Maintenant, après la victoire de la dictature du prolétariat, chacun ayant vu de ses propres yeux à quoi mène le marxisme et ce que peut signifier sa victoire, la social-démocratie ne peut plus faire parade du drapeau du marxisme, elle ne peut plus afficher l’idée de dictature du prolétariat, sans créer un certain danger pour le capitalisme.

Ayant depuis longtemps rompu avec l’esprit du marxisme, force lui a été de rompre également avec le drapeau du marxisme.

Elle a pris position ouvertement et sans équivoque contre la Révolution d’Octobre, enfantée par le marxisme, contre la première dictature du prolétariat dans le monde.

Dès lors, elle devait se désolidariser, et elle s’est effectivement désolidarisée du marxisme, car dans les conditions actuelles on ne peut s’appeler marxiste sans soutenir ouvertement et sans réserve la première dictature prolétarienne du monde, sans mener la lutte révolutionnaire contre sa propre bourgeoisie, sans créer les conditions nécessaires à la victoire de la dictature du prolétariat dans son propre pays.

Entre la social-démocratie et le marxisme, un abîme s’est creusé. Désormais, le seul protagoniste et rempart du marxisme, c’est le léninisme, le communisme.

Mais les choses n’en sont pas restées là.

Après avoir délimité la social-démocratie d’avec le marxisme, la Révolution d’Octobre alla plus loin, rejetant la social-démocratie dans le camp des défenseurs directs du capitalisme contre la première dictature prolétarienne du monde.

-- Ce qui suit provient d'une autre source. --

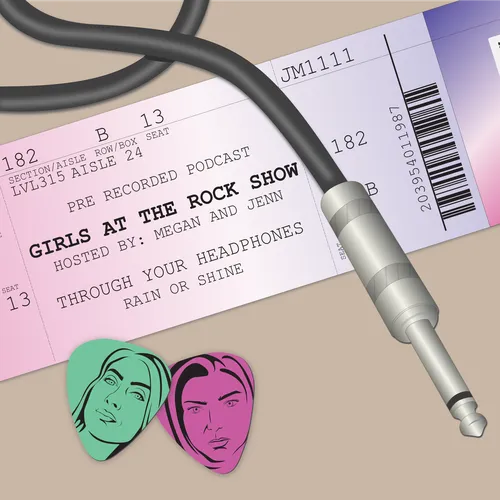 Girls at the Rock Show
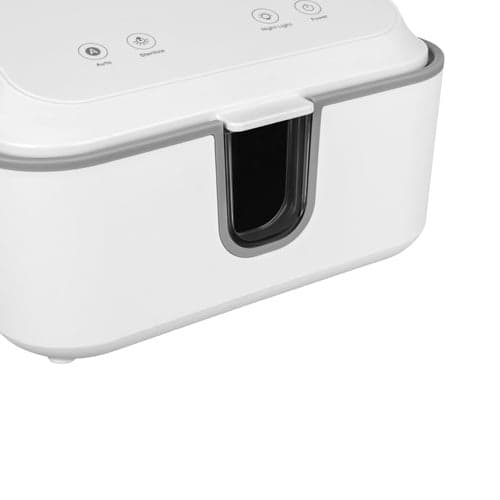 Vådservietvarmer med 3 varmeniveauer, op til 80 servietter, touchpanel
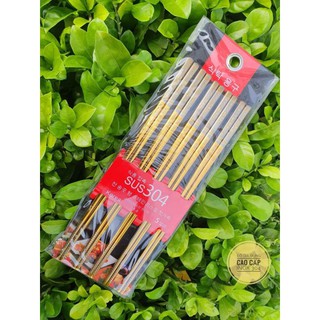 Đũa Hàn Quốc cao cấp inox 304
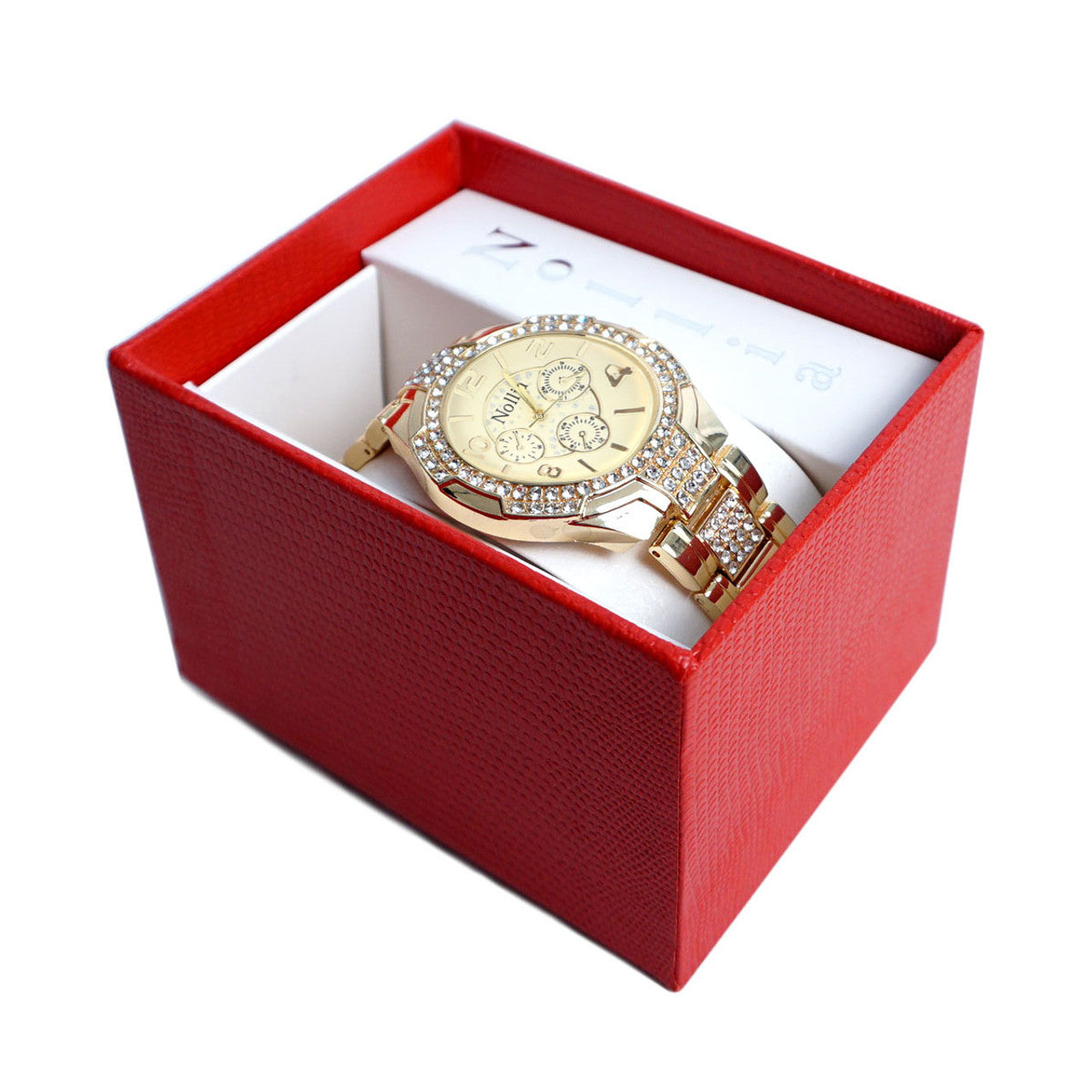 Gold Tone Dressy Watch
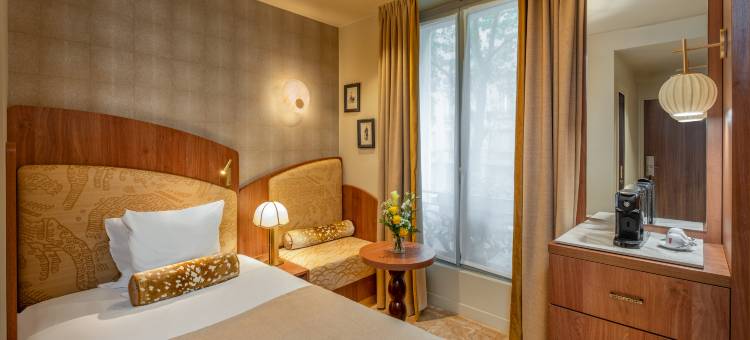 巴黎布尔多奈Inwood酒店(近埃菲尔铁塔、军事学校)(Hôtel La Bourdonnais by Inwood Hotels)图片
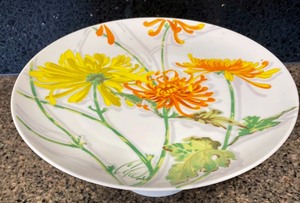 Seymour Mann Inc Pedestal Dish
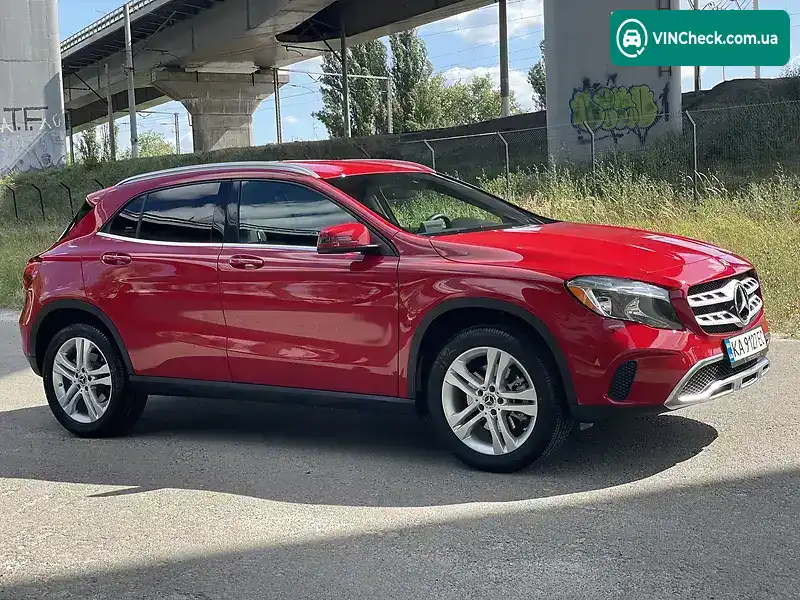 Mercedes-Benz GLA-Class 2020, фото з оголошення 2 з 13, VIN W1NTG4EB3LU030237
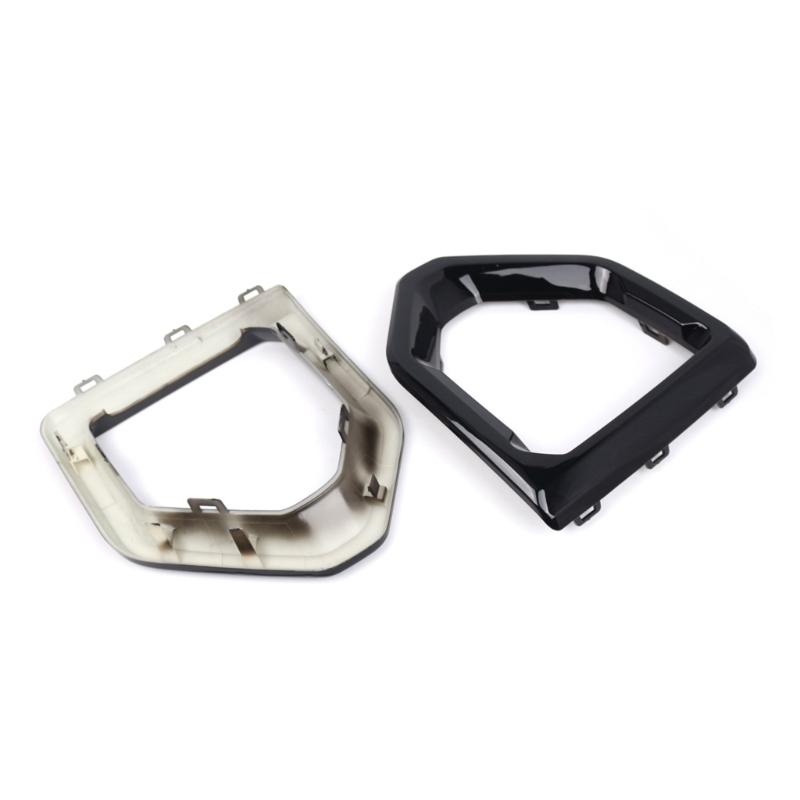 Portable 84176752 84176753 Replacement Front Fog Light Outer Bezel Cover Set Plastic Fog Light Cover Vehicle Accessories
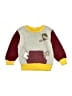 Harry Potter Color Block Burgundy Pullover Sweater 9-12 MO / 12 MO - photo 1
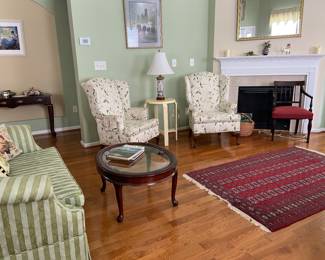 Lovely living room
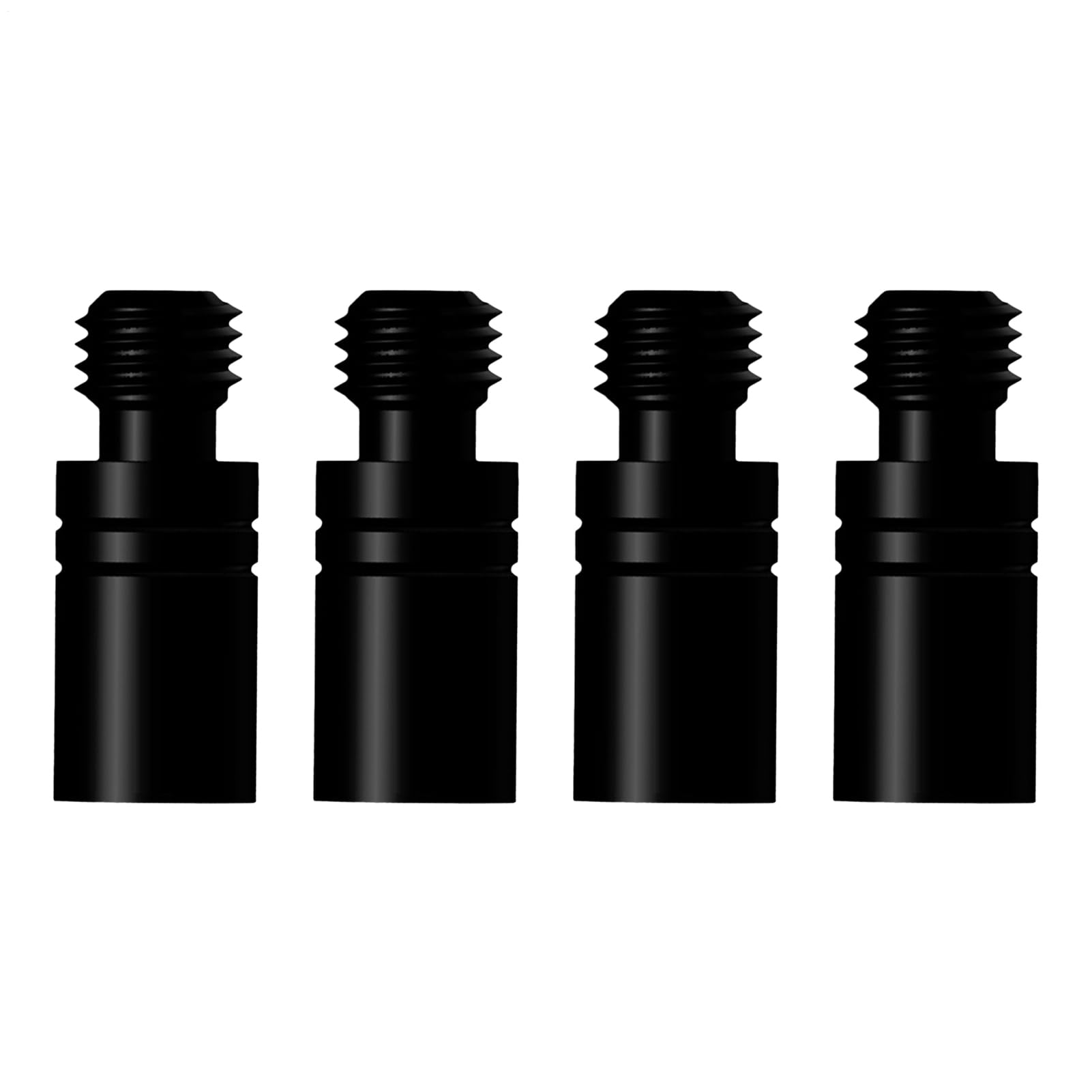 Poids pour Fléchettes | Accentuateur De Poids Filetage 2BA 4 Pièces,Accessoire de Réglage et Matériel d'Entraînement pour Joueurs Pratique Exercice Compétitions Adultes Débutants Loisirs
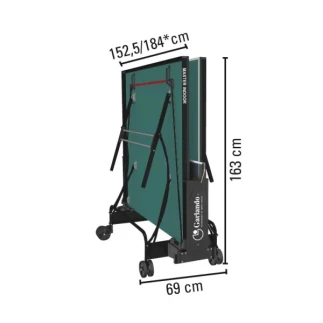 Garlando Master Indoor Blu Con Ruote
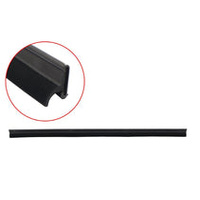 Rear Inner Door Belt for Toyota Landcruiser FJ60 - Right, Black Trim Type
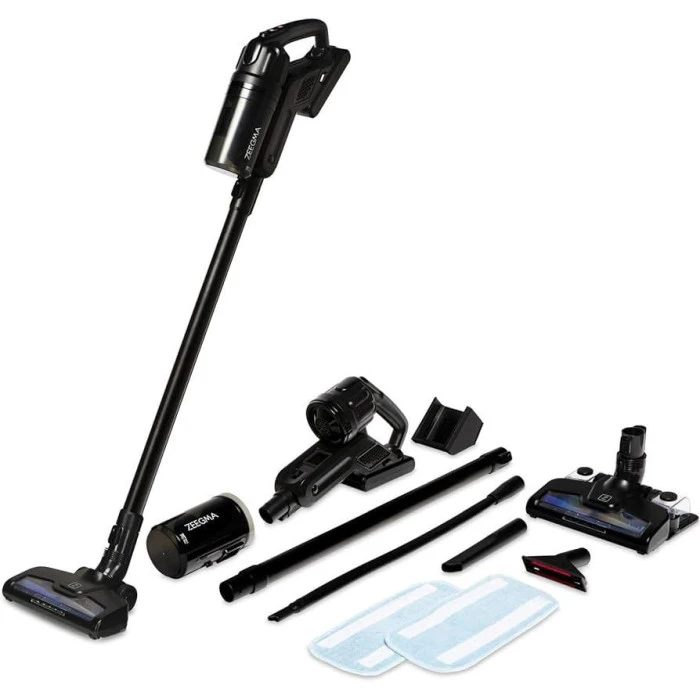 Акумуляторний пилосос Zeegma ZONDER KLAAR BASE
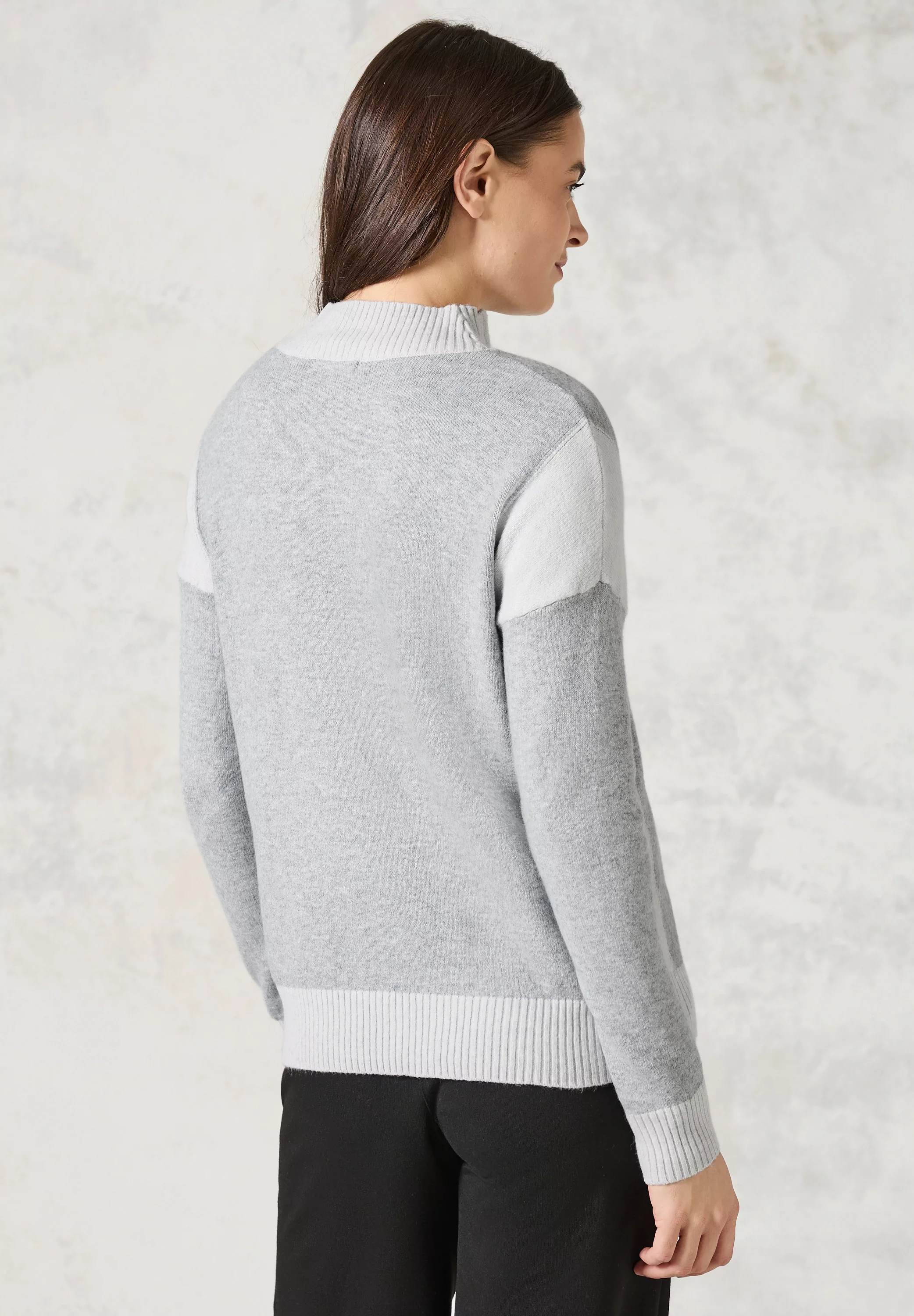 Cecil Strickpullover - Chenille Dolman Pullover günstig online kaufen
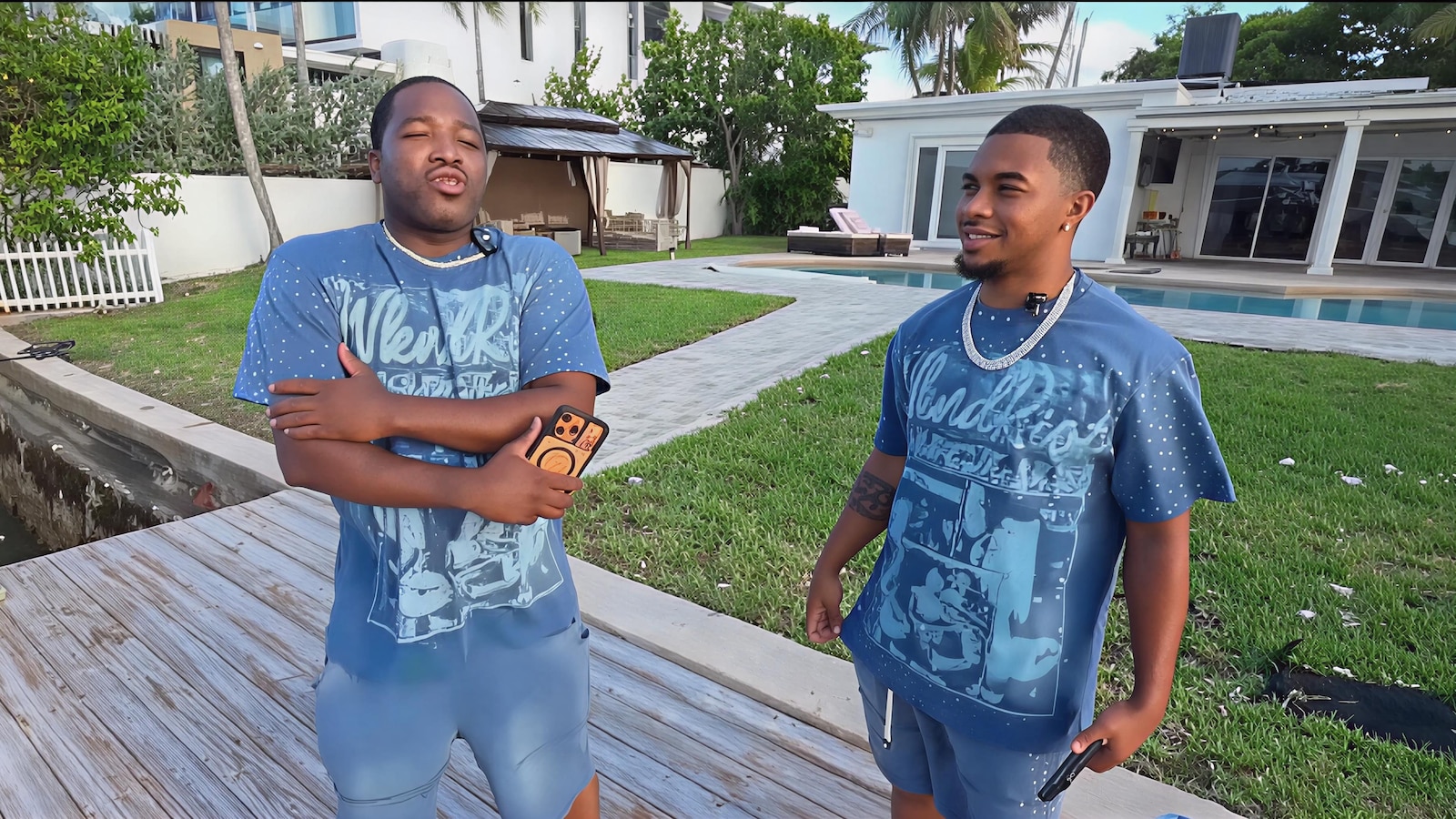 DeenTheGreat Vs Adrien Broner Controversy: Deen Throws Broner Out of His Car Over Betrayal Allegations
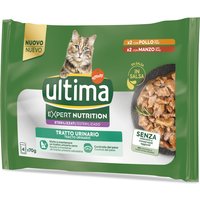 Ultima Expert Nutrition Urinary poulet, bœuf pour chat - 44 x 70 g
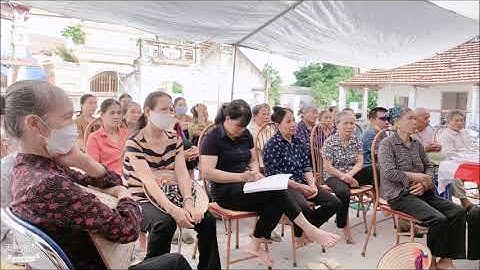 Ngày hội đại đoàn kết toàn dân tộc thôn Vu Chu ngày 17/11/2022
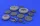 Eduard - MiG-21 wheels for Eduard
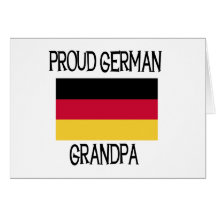Stolzer deutscher Großvater Karten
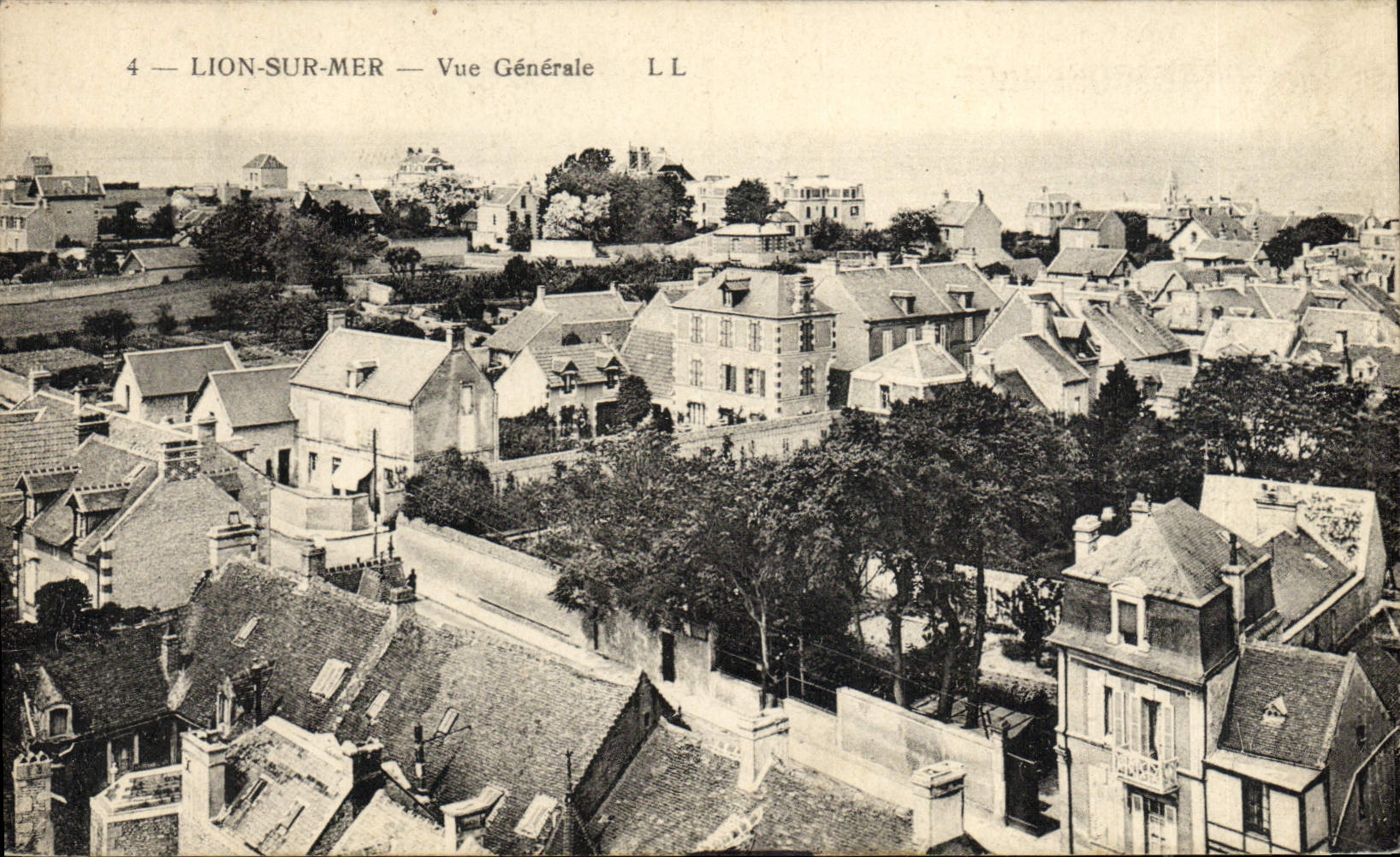 Lion-sur-Mer — Vue Générale — LL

Lorsque MM. Adler et Bauer, Wells et Lévi, Longuet et Blum vitupèrent le « régime soviétique », exaltant la « démocratie » parlementaire, ils veulent montrer par là qu’ils combattent et qu’ils continueront de combattre pour le rétablissement de l’ordre capitaliste en U.R.S.S., pour le maintien de l’esclavage capitaliste dans les Etats « civilisés ».

Le social-démocratisme d’aujourd’hui est l’appui idéologique du capitalisme.

Lénine avait mille fois raison quand il disait que les politiciens social-démocrates de nos jours sont « les véritables agents de la bourgeoisie dans le mouvement ouvrier, les commis ouvriers de la classe des capitalistes » ; que dans la « guerre civile entre le prolétariat et la bourgeoisie », ils se rangeront inévitablement du côté des « Versaillais » contre les « communards ».

Il est impossible d’en finir avec le capitalisme sans en avoir fini avec le social-démocratisme dans le mouvement ouvrier. C’est pourquoi l’ère de l’agonie du capitalisme est en même temps celle de l’agonie du social-démocratisme dans le mouvement ouvrier.

La grande signification de la Révolution d’Octobre consiste, entre autres, en ce qu’elle annonce la victoire certaine du léninisme sur le social-démocratisme dans le mouvement ouvrier mondial.

L’ère de la domination de la IIème Internationale et du social-démocratisme dans le mouvement ouvrier a pris fin.

L’ère est venue de la domination du léninisme et de la IIIème Internationale.